Acute-phase reactions
Acute-phase adverse reactions, which may occur within the first 3 days after zoledronic acid infusion, include fever, myalgia, headache, limb pain, nausea, vomiting, diarrhoea, arthralgia, and arthritis associated with joint swelling. These reactions are referred to as "flu-like" syndrome or "post-dose" syndrome.
Atypical femoral fractures
Rarely, during post-marketing use, atypical subtrochanteric and diaphyseal femoral fractures have been reported (an adverse reaction associated with bisphosphonates).

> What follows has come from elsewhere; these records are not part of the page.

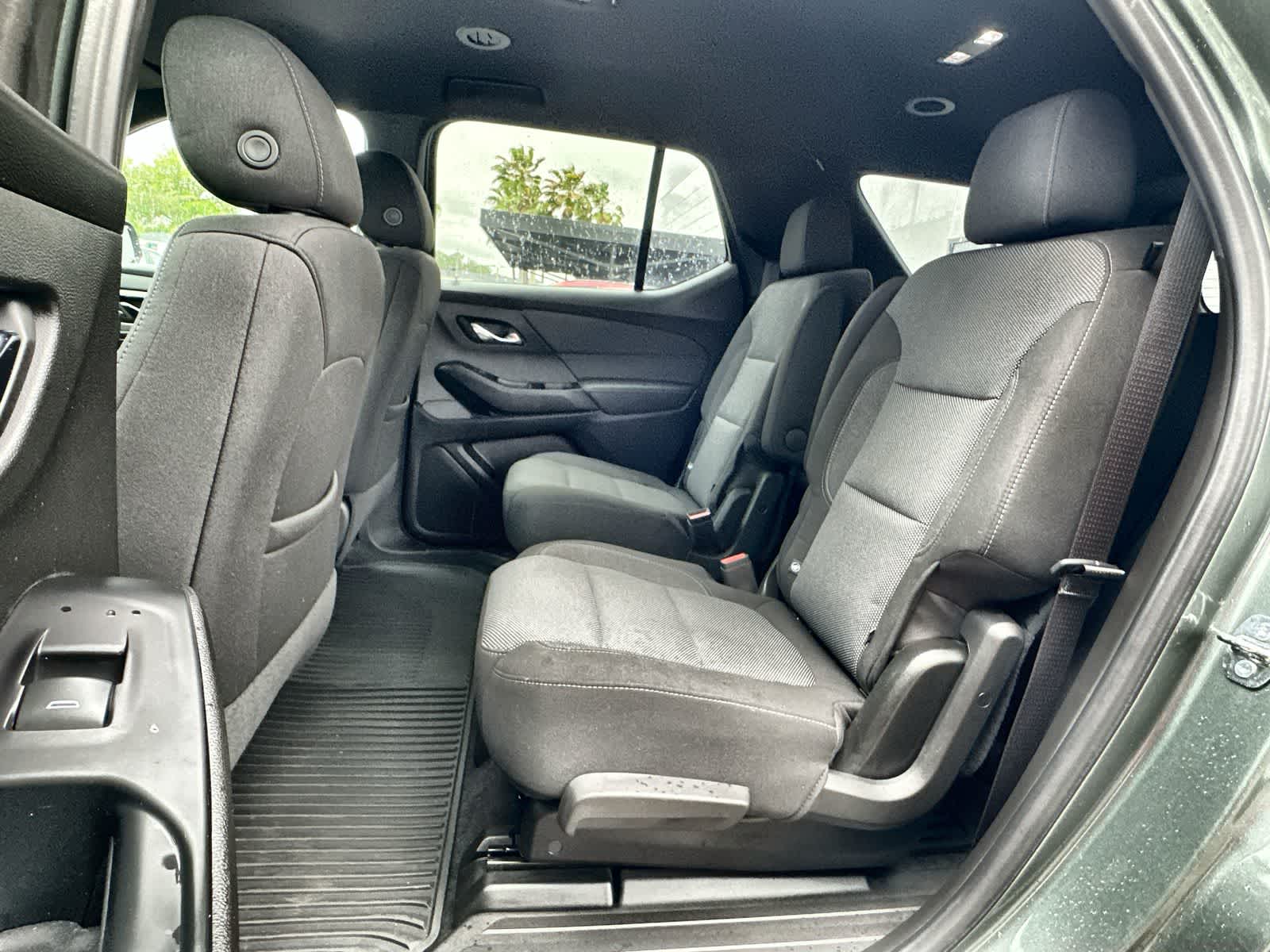 Thumbnail: 2023 Chevrolet Traverse - 4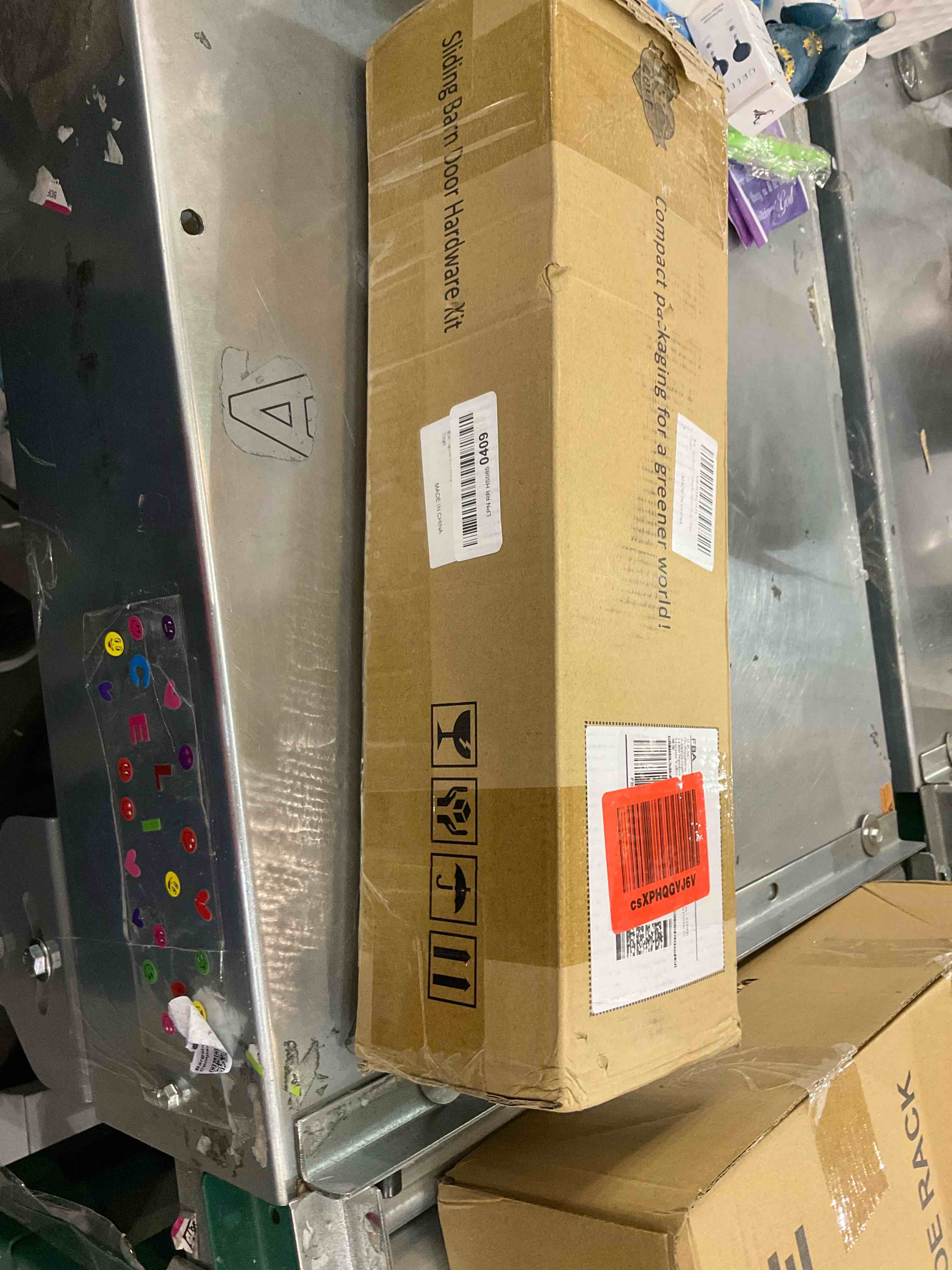 https://s3.amazonaws.com/lotting-images-prod/bidfta/EXS00859346_1704224878342.jpeg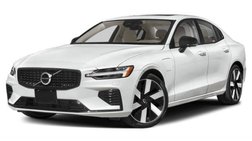 2023 Volvo S60 Recharge T8 Plus Dark Theme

Adverse reactions due to hypocalcemia
Hypocalcemia is an important identified risk with zoledronic acid use under approved indications. Clinical and post-marketing data indicate an association between zoledronic acid therapy, reports of hypocalcemia, and the development of secondary cardiac arrhythmias. Additionally, data suggest a link between hypocalcemia and secondary neurological reactions, including epileptic seizures, tetany, and paralysis (see section "Special precautions for use").

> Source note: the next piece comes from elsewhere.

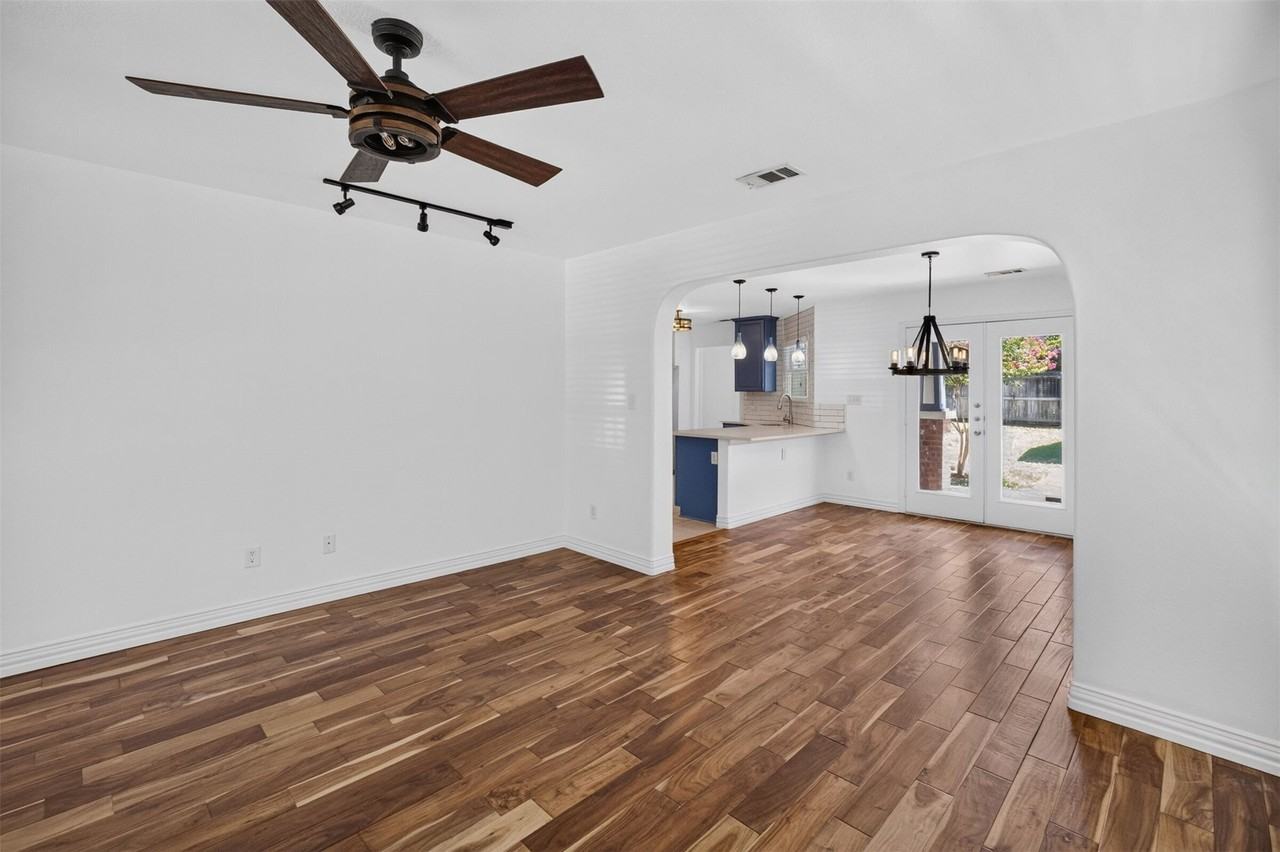 2205 College Ave - Photo 7 of 40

Reporting of suspected adverse reactions
Reporting suspected adverse reactions after marketing authorization is important. It allows continued monitoring of the benefit-risk balance of the medicinal product. Healthcare professionals and patients or their legal representatives should report all suspected adverse reactions and lack of efficacy via the Automated Pharmacovigilance Information System at the following link: https://aisf.dec.gov.ua
Shelf life. 3 years.
After dilution in sterile 0.9% sodium chloride solution or 5% glucose solution, the medicinal product is stable for 24 hours at a storage temperature of 2–8 °C. After aseptic dilution, the prepared solution should be used immediately.
Storage conditions
No special storage conditions required.
Keep out of the reach and sight of children.
Incompatibilities
Zoledronic acid concentrate must be diluted in sterile 0.9% sodium chloride solution or 5% glucose solution. The concentrate must not be mixed with infusion solutions containing calcium or other divalent cations, such as Ringer's lactate solution, and must be administered as a single infusion using a separate infusion set. Studies with glass vials and various types of infusion bags and infusion systems made of polyvinyl chloride, polyethylene, and polypropylene (pre-filled with 0.9% sodium chloride solution or 5% glucose solution) have shown no incompatibility with the above-mentioned packaging materials.
Packaging. 5 ml in a vial, 1 vial of concentrate in a cardboard box.
Prescription status. Prescription only.
Manufacturer. Pliva Croatia Ltd.
Manufacturer's name and address of place of business
Prilaz Baruna Filipovića 25, Zagreb, Grad Zagreb, 10000, Croatia.